* _Problem statement_: Among the lines below, take the one holding "Apartamento en arriendo", the one holding "History For - Yumi", and all lines between them. Set them down exactly.

··· Supplied data

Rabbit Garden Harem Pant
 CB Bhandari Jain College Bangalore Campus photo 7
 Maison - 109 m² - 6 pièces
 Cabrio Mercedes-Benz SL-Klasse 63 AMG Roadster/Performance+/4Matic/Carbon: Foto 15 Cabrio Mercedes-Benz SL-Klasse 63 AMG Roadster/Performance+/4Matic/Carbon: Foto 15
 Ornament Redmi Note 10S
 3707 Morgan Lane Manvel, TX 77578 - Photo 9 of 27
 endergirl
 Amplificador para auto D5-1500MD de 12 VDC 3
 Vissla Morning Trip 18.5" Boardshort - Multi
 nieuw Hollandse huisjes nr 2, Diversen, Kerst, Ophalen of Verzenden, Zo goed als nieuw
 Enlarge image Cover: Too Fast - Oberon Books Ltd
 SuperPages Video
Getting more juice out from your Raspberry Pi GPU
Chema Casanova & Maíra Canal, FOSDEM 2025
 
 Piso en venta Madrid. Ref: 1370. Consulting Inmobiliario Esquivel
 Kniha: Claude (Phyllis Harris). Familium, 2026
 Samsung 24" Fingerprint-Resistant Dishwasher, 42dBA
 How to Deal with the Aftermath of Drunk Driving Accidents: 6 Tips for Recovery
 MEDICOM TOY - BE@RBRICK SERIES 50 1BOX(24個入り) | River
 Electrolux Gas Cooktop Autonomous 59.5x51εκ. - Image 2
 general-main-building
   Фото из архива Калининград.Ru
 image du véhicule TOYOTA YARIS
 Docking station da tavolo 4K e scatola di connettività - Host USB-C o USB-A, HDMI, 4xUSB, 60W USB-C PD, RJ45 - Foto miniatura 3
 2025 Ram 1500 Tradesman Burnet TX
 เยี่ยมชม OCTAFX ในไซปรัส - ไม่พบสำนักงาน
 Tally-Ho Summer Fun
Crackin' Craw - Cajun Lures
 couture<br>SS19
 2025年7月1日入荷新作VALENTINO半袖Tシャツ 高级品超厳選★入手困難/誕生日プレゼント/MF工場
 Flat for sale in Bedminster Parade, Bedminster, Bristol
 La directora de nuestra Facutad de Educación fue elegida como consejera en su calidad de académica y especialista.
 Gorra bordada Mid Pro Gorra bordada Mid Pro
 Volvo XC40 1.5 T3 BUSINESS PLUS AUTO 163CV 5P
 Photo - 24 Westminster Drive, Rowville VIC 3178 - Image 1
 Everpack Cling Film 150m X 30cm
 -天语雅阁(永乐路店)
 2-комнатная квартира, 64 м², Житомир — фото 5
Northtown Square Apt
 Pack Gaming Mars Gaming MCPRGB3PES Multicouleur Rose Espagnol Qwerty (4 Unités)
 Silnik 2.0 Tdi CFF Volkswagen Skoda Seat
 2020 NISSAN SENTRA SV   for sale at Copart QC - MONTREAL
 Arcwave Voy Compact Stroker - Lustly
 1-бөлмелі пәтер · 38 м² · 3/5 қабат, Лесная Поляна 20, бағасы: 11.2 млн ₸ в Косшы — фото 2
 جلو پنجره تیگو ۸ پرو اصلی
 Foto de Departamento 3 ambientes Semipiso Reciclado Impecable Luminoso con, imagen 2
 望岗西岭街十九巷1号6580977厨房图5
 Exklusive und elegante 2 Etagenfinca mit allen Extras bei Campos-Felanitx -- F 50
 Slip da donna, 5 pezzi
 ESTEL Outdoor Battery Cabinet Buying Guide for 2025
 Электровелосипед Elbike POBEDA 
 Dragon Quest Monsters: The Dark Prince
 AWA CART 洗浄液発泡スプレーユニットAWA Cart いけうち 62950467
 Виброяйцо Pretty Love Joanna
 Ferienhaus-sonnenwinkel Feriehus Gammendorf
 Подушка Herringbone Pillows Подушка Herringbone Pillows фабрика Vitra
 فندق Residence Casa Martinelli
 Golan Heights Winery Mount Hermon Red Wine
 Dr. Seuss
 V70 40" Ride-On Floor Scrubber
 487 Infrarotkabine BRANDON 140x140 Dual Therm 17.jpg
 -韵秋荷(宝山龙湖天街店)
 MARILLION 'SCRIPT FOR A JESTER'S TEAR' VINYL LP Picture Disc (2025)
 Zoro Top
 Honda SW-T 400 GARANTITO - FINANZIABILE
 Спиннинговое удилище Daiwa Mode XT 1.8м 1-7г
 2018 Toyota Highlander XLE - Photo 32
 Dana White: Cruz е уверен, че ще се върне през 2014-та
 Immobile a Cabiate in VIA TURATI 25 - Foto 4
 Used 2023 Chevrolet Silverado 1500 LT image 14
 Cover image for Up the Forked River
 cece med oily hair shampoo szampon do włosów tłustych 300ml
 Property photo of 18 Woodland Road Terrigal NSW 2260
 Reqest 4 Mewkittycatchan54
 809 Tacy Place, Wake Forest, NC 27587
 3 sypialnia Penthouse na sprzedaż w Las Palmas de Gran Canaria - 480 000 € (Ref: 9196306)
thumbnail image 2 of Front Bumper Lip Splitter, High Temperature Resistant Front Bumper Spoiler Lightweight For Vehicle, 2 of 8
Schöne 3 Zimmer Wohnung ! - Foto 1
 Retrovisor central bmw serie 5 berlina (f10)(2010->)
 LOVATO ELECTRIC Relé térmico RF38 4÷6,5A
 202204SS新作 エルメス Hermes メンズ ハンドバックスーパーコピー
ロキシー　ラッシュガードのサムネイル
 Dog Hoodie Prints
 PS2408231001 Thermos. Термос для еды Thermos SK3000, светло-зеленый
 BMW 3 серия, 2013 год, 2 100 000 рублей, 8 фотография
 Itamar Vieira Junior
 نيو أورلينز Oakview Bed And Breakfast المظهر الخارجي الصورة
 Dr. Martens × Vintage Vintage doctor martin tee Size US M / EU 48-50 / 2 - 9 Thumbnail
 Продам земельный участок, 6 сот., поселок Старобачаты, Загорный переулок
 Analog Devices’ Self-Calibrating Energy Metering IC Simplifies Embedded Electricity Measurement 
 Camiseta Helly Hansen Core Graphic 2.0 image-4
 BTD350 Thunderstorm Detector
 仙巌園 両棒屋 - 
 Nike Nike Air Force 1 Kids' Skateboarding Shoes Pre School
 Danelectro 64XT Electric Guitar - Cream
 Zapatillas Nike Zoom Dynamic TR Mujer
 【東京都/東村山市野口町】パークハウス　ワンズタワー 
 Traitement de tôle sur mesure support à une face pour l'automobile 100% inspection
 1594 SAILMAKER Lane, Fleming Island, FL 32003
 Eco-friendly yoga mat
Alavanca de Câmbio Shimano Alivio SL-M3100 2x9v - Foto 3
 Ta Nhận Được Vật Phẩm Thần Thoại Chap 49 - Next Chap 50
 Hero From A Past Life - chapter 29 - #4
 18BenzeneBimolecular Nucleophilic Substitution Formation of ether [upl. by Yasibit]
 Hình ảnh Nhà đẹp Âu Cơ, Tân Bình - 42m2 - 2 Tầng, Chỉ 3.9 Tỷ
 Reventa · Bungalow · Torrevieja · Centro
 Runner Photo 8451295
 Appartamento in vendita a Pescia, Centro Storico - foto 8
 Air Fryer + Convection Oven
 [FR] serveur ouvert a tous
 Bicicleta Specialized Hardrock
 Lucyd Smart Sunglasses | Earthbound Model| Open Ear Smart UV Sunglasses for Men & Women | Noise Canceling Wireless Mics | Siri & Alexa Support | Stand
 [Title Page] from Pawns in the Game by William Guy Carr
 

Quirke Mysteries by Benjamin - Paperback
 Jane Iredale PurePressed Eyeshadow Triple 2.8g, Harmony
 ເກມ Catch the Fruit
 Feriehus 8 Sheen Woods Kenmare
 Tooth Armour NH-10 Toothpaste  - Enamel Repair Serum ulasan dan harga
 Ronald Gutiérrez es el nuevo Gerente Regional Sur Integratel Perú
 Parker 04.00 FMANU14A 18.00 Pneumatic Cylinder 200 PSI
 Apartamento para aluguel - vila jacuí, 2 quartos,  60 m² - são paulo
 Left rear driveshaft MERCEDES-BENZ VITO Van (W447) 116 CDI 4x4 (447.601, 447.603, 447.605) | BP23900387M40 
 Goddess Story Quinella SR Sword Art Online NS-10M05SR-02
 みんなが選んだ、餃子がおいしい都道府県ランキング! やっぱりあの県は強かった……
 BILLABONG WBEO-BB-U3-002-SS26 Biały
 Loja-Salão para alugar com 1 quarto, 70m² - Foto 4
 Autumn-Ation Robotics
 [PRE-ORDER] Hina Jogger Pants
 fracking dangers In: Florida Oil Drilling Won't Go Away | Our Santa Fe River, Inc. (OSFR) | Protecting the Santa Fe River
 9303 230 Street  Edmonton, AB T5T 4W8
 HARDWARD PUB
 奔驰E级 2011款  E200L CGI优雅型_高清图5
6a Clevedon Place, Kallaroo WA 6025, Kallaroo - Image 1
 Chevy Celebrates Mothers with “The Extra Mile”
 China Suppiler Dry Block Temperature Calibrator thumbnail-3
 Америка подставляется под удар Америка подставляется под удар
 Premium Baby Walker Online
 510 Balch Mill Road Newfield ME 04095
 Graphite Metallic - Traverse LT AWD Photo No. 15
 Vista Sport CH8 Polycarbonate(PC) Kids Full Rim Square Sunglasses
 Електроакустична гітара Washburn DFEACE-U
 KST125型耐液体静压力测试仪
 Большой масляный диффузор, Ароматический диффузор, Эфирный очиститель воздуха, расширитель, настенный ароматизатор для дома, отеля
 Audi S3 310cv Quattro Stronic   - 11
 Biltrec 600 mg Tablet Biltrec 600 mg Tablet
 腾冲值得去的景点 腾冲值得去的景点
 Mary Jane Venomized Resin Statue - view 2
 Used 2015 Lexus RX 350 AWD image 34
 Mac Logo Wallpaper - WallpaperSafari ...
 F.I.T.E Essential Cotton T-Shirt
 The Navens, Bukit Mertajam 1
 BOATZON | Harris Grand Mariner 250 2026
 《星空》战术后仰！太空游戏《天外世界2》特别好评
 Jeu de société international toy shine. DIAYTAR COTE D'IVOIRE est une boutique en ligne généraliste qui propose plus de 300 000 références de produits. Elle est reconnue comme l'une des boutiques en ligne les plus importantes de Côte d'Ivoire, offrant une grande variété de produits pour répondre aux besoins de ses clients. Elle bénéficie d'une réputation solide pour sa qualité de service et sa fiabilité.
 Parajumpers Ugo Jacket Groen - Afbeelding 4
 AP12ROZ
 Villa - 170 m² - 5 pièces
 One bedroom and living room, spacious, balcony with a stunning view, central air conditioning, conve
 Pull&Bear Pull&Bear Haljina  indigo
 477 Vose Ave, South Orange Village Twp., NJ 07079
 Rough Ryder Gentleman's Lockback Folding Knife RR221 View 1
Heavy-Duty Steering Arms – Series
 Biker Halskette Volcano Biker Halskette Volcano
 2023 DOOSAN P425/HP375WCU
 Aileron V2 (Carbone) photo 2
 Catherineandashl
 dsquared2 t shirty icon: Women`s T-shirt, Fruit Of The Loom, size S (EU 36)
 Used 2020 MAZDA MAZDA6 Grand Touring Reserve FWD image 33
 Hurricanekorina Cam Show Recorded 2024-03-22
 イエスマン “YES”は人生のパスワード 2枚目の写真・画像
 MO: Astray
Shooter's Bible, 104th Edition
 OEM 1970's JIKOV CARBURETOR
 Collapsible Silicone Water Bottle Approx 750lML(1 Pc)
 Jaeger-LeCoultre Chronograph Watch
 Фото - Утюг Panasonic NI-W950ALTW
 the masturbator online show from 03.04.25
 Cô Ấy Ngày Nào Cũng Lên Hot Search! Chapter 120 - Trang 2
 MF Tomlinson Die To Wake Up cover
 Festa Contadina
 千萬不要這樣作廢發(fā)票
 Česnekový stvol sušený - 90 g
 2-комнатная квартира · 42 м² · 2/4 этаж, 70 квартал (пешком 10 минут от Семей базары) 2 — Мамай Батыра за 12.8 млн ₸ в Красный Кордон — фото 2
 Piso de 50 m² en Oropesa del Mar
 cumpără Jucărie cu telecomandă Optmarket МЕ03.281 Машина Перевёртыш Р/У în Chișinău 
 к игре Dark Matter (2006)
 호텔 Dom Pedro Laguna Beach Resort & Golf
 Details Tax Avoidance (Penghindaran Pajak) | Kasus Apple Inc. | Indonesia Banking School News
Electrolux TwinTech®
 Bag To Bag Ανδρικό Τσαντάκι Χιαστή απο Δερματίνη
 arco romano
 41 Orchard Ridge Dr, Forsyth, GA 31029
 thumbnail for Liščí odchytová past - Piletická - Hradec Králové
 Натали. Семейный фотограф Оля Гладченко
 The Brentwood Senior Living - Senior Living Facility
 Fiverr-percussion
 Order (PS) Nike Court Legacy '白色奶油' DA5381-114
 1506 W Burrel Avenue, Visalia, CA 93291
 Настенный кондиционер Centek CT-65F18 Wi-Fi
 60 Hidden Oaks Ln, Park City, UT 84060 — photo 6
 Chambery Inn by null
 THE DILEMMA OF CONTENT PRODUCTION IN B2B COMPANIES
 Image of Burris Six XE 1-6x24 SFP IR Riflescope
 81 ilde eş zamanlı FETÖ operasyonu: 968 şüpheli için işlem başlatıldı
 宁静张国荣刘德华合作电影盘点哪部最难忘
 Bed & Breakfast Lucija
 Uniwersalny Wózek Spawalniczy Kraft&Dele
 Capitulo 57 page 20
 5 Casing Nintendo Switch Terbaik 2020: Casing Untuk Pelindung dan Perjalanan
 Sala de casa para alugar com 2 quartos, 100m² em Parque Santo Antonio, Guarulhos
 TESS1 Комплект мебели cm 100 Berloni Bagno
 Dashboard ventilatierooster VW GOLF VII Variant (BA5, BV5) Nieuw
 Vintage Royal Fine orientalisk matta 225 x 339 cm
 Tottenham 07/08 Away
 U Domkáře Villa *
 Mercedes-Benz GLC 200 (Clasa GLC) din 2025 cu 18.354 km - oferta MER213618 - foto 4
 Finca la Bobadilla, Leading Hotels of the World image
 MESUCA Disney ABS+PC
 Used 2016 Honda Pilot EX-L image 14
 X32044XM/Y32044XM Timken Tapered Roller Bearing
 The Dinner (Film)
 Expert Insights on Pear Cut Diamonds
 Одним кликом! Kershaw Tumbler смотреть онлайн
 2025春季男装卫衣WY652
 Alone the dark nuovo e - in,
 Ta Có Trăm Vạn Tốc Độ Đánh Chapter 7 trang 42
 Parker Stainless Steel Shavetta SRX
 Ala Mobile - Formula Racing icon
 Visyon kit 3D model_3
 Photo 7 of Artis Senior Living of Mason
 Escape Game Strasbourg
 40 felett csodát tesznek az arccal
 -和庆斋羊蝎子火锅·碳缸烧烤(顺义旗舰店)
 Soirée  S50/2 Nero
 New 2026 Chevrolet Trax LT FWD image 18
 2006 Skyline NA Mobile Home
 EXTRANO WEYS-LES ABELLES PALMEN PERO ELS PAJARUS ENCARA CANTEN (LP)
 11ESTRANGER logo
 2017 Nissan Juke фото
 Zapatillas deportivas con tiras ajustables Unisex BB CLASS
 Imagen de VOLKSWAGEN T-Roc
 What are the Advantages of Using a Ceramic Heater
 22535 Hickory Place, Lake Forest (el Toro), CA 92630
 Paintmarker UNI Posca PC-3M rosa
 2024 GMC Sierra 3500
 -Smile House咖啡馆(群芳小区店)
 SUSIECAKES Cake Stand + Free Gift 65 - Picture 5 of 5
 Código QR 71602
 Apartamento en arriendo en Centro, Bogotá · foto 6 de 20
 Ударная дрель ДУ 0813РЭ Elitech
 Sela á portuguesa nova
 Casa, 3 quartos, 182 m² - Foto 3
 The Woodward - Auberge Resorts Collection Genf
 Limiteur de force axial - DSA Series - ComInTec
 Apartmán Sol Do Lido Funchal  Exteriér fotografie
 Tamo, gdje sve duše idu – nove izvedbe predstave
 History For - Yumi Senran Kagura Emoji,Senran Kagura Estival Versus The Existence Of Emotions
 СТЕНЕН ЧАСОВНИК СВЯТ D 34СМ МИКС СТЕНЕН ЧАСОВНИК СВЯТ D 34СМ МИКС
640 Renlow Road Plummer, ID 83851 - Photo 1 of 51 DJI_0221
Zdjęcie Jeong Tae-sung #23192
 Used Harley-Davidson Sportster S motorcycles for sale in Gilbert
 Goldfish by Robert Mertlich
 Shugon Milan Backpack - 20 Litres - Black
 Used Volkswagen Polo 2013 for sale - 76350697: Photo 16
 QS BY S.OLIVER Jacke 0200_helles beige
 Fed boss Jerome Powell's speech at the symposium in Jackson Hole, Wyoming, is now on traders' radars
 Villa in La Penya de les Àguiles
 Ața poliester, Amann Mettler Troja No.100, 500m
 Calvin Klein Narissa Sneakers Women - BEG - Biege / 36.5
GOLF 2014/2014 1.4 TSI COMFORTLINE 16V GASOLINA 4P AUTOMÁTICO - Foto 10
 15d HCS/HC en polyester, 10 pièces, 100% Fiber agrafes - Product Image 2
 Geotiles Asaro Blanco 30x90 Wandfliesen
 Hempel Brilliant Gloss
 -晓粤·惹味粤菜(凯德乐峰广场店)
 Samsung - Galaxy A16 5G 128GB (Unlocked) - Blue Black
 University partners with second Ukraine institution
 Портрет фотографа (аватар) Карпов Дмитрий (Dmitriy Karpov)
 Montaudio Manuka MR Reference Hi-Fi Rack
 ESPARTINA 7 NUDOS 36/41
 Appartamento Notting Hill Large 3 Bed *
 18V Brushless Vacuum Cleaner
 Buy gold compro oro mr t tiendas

······

* _Problem solution_:
 Apartamento en arriendo en Centro, Bogotá · foto 6 de 20
 Ударная дрель ДУ 0813РЭ Elitech
 Sela á portuguesa nova
 Casa, 3 quartos, 182 m² - Foto 3
 The Woodward - Auberge Resorts Collection Genf
 Limiteur de force axial - DSA Series - ComInTec
 Apartmán Sol Do Lido Funchal  Exteriér fotografie
 Tamo, gdje sve duše idu – nove izvedbe predstave
 History For - Yumi Senran Kagura Emoji,Senran Kagura Estival Versus The Existence Of Emotions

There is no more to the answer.